_TASK_
In the lines below, look for "Bedroom". Copy each line where it appears.

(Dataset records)
-- Opening Marker --

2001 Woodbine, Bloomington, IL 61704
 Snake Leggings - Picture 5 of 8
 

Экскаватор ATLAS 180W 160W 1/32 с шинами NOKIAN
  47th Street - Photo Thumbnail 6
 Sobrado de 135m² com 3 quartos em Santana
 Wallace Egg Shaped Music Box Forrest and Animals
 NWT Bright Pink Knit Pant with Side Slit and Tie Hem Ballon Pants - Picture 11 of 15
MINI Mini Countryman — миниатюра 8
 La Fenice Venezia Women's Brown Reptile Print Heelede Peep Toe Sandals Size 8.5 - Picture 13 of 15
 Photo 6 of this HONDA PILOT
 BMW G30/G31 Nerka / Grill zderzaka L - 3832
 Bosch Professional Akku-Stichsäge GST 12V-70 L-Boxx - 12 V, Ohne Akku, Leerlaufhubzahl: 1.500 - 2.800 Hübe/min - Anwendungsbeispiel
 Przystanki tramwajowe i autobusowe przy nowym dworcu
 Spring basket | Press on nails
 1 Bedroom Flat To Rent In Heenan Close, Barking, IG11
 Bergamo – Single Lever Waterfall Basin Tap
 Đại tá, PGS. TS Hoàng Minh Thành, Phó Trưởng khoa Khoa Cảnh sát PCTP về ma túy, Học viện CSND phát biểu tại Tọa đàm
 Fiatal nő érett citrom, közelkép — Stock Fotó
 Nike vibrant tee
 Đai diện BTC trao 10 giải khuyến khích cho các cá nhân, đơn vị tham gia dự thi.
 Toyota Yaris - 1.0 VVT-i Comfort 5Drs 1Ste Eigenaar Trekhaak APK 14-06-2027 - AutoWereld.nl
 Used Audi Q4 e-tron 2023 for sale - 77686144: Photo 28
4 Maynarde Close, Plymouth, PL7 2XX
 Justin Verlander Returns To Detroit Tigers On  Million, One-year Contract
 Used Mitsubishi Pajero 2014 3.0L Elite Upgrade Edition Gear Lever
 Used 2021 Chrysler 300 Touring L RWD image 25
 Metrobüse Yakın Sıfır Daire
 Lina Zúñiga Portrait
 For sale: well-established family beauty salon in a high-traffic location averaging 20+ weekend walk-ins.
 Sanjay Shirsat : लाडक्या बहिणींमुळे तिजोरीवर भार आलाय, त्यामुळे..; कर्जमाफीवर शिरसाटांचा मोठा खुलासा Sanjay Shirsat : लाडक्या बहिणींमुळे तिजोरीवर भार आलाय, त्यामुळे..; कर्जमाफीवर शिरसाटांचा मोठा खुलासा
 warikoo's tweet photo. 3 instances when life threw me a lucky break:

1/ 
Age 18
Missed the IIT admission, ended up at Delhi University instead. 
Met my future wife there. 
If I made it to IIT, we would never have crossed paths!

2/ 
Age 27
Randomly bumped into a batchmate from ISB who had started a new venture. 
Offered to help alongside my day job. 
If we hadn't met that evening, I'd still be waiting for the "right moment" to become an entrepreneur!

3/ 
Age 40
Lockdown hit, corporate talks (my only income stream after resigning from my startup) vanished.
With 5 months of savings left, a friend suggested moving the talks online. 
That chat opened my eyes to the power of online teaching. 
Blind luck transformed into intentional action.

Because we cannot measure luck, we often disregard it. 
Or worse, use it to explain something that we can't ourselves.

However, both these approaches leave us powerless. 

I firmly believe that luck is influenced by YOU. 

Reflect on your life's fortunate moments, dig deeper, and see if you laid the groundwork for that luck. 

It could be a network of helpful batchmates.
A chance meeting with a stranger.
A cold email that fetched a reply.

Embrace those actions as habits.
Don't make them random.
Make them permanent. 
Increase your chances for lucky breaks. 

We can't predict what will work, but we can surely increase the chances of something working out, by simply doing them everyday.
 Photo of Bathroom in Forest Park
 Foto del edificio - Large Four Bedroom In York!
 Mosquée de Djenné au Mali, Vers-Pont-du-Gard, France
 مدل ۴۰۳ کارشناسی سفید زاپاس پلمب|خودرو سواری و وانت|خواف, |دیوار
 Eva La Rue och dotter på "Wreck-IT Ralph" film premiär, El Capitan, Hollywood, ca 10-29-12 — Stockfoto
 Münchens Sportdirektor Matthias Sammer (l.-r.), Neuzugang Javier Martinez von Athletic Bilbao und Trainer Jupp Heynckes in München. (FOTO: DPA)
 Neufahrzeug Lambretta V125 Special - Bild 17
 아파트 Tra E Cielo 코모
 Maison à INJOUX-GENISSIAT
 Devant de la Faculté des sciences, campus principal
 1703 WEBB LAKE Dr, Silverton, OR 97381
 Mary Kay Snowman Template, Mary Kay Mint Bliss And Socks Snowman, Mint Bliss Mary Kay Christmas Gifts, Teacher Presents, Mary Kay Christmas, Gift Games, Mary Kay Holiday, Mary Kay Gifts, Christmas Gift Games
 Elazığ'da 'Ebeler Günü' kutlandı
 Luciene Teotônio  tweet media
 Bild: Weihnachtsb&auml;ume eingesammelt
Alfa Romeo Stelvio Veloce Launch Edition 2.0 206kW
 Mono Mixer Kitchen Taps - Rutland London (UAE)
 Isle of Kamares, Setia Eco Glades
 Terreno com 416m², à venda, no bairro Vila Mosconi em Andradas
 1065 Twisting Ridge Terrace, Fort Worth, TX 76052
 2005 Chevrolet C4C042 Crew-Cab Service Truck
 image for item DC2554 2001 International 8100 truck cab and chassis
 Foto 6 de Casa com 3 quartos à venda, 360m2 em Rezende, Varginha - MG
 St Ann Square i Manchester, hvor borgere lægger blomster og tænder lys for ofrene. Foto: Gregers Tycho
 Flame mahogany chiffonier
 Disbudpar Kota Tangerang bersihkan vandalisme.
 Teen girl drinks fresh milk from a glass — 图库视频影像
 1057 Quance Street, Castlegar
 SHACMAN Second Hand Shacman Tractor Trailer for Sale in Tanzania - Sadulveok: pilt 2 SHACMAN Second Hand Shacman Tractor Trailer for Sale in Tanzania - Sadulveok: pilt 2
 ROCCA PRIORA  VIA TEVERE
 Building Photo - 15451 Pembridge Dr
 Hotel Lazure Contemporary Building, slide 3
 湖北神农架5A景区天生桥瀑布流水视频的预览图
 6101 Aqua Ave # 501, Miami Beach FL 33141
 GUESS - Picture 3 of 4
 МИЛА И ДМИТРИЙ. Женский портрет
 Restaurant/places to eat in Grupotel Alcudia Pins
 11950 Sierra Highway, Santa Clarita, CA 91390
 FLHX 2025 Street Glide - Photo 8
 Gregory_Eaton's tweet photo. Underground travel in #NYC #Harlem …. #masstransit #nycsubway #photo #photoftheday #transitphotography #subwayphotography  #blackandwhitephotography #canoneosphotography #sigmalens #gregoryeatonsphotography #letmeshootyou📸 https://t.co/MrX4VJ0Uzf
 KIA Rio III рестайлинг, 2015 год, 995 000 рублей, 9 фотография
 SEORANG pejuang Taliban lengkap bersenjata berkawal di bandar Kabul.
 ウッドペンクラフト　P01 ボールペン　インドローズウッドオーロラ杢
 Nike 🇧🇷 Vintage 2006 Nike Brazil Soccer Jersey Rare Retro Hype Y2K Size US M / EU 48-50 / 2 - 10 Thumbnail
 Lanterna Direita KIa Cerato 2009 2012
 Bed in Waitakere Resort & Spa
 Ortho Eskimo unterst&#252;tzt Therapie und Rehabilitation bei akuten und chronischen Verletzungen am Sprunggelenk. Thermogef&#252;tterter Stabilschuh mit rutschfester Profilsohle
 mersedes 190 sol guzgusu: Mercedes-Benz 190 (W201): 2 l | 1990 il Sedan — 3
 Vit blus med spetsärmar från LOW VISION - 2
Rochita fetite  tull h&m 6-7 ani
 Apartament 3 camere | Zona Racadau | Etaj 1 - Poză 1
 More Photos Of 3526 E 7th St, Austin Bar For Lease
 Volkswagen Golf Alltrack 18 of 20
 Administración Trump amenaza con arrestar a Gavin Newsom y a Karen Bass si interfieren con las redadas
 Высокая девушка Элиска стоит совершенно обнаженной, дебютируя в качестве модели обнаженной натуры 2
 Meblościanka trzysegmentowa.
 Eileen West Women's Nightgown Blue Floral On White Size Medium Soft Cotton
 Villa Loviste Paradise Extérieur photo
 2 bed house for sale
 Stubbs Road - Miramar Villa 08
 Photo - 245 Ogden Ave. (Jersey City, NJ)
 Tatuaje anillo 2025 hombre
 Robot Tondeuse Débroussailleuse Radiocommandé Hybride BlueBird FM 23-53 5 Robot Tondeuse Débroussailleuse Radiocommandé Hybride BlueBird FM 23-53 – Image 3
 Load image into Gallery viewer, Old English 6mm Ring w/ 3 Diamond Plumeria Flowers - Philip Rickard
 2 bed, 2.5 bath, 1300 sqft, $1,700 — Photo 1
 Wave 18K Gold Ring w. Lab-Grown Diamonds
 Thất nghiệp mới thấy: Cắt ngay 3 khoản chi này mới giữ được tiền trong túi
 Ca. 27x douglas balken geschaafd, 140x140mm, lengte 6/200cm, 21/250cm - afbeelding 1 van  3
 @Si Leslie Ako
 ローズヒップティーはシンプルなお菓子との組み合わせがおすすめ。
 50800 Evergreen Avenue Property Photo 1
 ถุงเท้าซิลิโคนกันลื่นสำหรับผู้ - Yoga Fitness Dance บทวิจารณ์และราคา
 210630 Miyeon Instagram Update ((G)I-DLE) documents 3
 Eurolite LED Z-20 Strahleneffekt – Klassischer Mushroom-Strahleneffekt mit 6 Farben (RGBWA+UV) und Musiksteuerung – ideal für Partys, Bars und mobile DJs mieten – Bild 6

-- Closing Marker --

_YOUR RESPONSE_
 1 Bedroom Flat To Rent In Heenan Close, Barking, IG11
 Foto del edificio - Large Four Bedroom In York!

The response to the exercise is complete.